On Sat, May 10, 2025 at 05:58:43PM +0200, to...@tuxteam.de wrote:
On Sat, May 10, 2025 at 10:02:26AM -0400, Michael Stone wrote:
On Fri, May 09, 2025 at 10:55:07PM -0400, Stefan Monnier wrote:
> Clearly, there's a limit beyond which it doesn't make any sense any
> more, but it usually makes sense to keep operating old electronic
> devices as long as they can do their job.  That usually means at least
> 10 years.
>
> No need for any hypothetical world.  As a first approximation, every
> machine you don't buy is another machine which is not produced.
> Regardless if that machine you don't buy is new or used.

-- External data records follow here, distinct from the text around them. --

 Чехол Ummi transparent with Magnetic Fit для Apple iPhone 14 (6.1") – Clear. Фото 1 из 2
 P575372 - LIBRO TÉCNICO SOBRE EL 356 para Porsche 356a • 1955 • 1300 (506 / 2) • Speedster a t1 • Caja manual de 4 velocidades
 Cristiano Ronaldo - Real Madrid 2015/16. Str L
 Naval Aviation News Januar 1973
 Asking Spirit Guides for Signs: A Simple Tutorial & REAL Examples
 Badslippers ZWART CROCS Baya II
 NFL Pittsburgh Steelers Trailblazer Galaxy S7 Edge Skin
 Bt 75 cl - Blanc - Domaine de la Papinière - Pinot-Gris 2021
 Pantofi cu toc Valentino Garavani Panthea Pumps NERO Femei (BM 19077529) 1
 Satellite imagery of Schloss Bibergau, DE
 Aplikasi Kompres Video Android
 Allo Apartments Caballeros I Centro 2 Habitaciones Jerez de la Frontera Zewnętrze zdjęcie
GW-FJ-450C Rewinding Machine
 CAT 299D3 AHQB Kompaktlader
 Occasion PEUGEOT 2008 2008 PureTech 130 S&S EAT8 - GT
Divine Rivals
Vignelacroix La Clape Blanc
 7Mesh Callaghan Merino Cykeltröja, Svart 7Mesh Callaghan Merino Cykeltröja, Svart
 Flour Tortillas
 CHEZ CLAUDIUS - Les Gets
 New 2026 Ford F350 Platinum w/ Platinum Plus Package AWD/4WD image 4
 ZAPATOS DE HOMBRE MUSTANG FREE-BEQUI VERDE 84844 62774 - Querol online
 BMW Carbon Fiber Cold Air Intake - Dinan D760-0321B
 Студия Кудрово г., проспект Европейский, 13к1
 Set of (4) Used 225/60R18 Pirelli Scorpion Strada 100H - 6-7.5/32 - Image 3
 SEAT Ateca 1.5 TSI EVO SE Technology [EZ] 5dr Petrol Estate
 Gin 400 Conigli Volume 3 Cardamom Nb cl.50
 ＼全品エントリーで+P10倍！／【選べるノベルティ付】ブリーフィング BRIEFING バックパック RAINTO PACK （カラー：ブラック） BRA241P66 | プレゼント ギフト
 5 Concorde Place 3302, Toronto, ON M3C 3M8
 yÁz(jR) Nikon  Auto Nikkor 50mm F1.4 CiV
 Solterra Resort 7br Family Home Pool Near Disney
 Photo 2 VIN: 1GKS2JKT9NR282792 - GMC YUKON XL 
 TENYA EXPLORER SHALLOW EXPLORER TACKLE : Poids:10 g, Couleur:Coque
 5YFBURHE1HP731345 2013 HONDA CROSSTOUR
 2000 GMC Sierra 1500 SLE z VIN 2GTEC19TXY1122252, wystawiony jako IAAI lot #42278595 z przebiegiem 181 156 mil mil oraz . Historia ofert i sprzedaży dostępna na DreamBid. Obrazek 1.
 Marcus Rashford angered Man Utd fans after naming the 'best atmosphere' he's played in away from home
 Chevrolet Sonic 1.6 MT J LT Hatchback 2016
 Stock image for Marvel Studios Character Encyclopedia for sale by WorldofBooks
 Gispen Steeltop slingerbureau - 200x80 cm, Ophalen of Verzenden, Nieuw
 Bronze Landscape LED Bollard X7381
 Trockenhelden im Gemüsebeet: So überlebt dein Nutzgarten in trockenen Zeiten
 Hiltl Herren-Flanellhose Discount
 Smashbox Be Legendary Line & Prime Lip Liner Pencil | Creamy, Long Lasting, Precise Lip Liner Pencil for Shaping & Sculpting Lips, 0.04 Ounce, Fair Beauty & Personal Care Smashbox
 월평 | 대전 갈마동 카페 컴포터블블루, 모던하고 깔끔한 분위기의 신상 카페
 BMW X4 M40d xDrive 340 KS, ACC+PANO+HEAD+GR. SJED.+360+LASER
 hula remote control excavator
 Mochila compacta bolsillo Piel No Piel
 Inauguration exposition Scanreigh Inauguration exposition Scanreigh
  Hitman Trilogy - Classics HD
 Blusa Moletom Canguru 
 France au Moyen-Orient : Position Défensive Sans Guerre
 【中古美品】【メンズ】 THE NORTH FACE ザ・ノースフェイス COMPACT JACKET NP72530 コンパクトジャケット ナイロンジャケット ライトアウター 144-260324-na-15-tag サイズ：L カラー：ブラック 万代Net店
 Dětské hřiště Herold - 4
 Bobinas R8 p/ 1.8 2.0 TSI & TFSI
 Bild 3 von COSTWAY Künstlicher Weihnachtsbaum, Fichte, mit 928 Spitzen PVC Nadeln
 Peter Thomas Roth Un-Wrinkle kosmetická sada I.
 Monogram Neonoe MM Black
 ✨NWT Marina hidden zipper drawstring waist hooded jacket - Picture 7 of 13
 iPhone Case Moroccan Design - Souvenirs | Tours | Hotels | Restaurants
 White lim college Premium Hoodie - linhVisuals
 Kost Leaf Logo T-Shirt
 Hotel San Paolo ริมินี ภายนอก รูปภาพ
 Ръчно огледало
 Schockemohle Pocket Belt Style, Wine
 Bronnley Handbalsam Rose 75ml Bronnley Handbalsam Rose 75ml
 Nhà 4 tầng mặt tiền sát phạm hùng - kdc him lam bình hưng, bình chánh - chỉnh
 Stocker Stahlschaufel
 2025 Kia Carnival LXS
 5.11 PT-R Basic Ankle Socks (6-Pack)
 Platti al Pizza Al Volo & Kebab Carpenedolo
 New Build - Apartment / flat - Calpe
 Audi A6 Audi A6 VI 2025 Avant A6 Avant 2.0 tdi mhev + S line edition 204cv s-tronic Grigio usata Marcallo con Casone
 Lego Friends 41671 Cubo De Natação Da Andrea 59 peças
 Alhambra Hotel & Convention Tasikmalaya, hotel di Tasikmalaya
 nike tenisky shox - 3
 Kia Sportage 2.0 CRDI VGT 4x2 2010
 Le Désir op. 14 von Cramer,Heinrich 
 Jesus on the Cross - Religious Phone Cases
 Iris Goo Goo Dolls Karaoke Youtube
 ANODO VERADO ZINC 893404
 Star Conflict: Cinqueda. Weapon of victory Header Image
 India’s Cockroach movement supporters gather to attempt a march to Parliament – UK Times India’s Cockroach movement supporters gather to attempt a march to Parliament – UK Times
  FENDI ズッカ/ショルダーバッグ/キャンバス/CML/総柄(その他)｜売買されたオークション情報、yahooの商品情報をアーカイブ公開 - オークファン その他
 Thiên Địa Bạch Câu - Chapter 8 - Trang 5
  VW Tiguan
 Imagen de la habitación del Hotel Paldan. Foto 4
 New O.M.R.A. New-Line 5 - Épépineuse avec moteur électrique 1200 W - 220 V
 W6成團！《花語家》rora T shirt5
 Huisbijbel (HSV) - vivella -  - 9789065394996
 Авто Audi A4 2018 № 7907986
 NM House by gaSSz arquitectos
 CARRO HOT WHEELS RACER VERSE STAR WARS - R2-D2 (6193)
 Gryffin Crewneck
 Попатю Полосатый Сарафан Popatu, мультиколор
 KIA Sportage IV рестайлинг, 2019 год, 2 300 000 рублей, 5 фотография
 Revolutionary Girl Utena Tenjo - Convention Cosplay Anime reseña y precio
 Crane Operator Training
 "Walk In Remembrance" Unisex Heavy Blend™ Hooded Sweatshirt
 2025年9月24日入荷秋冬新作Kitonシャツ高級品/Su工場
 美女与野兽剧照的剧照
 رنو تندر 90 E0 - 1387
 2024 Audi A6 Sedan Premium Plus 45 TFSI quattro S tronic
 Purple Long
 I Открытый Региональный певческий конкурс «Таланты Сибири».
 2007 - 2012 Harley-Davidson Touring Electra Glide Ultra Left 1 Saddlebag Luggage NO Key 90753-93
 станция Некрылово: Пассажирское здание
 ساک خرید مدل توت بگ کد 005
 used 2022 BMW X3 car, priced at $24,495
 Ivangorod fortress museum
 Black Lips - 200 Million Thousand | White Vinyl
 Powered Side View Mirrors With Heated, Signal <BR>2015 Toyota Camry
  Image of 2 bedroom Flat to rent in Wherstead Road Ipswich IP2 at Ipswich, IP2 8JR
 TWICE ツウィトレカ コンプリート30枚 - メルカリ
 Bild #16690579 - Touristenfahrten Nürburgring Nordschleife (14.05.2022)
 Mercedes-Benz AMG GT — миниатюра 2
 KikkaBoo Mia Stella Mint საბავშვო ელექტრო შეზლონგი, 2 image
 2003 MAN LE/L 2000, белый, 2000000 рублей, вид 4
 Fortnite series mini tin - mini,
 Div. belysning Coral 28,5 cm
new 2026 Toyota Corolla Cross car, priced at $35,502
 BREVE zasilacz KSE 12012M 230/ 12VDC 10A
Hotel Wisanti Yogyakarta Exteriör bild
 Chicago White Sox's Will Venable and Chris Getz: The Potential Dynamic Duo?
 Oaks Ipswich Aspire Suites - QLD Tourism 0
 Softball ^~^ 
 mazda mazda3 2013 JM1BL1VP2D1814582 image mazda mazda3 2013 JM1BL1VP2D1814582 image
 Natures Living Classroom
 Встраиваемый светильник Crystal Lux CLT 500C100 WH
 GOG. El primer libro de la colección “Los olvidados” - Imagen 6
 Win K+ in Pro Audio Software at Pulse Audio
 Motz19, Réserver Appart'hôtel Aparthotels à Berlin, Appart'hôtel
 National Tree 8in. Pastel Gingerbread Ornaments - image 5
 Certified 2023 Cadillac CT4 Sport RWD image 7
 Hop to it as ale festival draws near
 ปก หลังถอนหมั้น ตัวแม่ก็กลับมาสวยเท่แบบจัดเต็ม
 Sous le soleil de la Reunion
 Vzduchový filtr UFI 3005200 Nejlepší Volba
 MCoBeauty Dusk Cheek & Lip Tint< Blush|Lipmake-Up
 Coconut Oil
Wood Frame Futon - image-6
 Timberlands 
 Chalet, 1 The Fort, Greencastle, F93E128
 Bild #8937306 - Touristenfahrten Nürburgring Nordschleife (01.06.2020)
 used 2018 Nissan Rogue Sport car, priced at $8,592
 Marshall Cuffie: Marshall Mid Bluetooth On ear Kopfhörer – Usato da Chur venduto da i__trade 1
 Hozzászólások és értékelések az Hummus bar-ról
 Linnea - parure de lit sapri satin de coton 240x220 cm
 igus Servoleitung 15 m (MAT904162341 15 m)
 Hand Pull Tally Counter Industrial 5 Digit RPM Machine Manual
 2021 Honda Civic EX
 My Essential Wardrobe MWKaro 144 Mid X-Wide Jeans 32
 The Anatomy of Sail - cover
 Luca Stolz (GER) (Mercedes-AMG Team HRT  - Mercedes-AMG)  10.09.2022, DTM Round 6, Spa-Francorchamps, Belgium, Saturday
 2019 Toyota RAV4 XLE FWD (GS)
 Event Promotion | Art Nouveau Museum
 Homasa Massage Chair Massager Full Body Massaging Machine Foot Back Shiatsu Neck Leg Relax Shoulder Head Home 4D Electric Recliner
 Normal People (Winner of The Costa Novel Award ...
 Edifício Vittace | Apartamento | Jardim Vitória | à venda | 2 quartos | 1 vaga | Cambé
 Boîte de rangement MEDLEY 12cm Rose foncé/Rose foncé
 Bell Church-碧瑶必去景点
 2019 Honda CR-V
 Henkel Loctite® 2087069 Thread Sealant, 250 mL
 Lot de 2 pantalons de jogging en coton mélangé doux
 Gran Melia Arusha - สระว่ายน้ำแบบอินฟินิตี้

In a world where most old electronics are sent to the dump, this is entirely
false. As a first approximation. You simply replace the newer machine going
to the dump with an older machine going to the dump. This isn't a spherical
cow.

?

The embedded cost in older machines has amortised over a longer
period.

What are you even talking about?

I don't follow your logic, sorry.

This is simple: if you have a 7 year old machine, find someone throwing out a 4 year old machine, take it, and throw out the 7 year old machine instead. Refusing to take the newer machine does not affect demand for new machines *at all*. You don't get a carbon credit by obstinately holding on to an old machine, especially since the new machine is likely more efficient. The issue isn't finding the availability of potentially useful machines that get trashed, the issue is that there isn't an efficient market for getting those machines to people who can use them.